Mama Fee slid her hand back into the mess of snakes and tongues and retrieved a cold heavy weight, a silver candelabra. She pulled it from the mysterious soup, held it high over her head, and lowered it with force to break the glass over the picture to bits. She banged and banged and banged until glass dust was kicking up everywhere in a cloud.

“Mama? What are you doing?” Val was hollering then, but she knew. She always knew.

Mama Fee returned to the phone rewired, reconnected, and in a voice as clear and as calm as if she was floating in a pool of salt water, she said, “Get out of that house. There’s nothing there for you.”

Jamison was handling the loss his own way—which kind of meant not handling it at all. The mayor who’d abandoned his profession for so long Sunday morning pundits had questioned if the city once known as Terminus had a mayor at all and could have elected better replacements that included the newborn panda bear at the zoo and the Big Chicken on Cobb Parkway, dove back into his list of promises with a resolve that had his growing list of faceless enemies suiting up in armor that wasn’t figurative and loading bullets that had a target in mind.

Jamison’s participation in the ambiguous duel wasn’t as methodical though. It was reborn in him in the way a cause was ex humed from the hearts of all great leaders who preceded him: a long hard look in the mirror to measure the man before him. It was time for him to answer to anything he thought he was. Even in the face of what he knew he’d lose. What the unburied thing had shown him was that loss was always possible. Inevitable. And sometimes you could lose things you didn’t know you had. You didn’t know you wanted. Or needed. But he wouldn’t know that until he was tumbling to cold, pressed tar, no future in front of him, but a past of no regrets.
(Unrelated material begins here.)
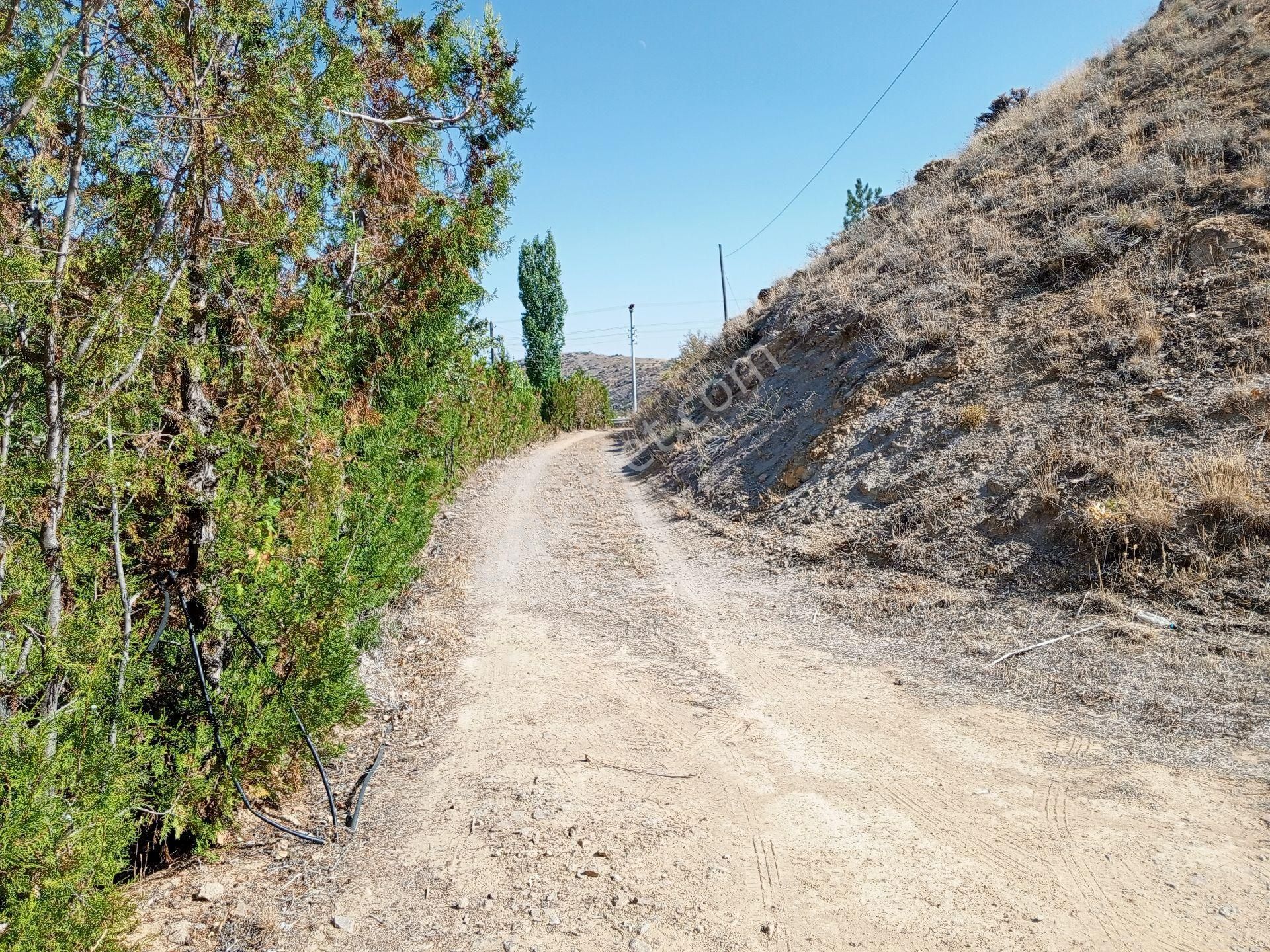 Konya Sille Mah. 2637 M2 Konut İmarlı Satılık Arsa Ama Şuanda Bahçe Oarak Kulanılıyor - Görsel 24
He called Leaf and told him to meet him in the parking lot behind Fox News. When Leaf got there, Jamison was standing on the side of his car, rubbing his palms into the sides of his slacks. Leaf was moving slower than usual, had the distant look of the accused in his eyes.

Jamison had expected this, so he started with something like an apology: “There’s a lot going on. I don’t know who I can trust, but I don’t really believe those things I said to you at the hospital.”

Leaf just nodded and looked up at the huge satellite bolted to the roof of the news station. “Why are we here?” he asked. “There’s nothing on the schedule. Did I miss something?”

“I went to the jail this morning. Met with Ras and his attorney,” Jamison explained, pointing to a stack of papers sitting in the backseat of his car. “Got a lot of information about why the police department—and I don’t know, like the whole damn criminal justice system—seems to want to take him down.”

“Why?”

“Because they want to take me down with him,” Jamison whispered.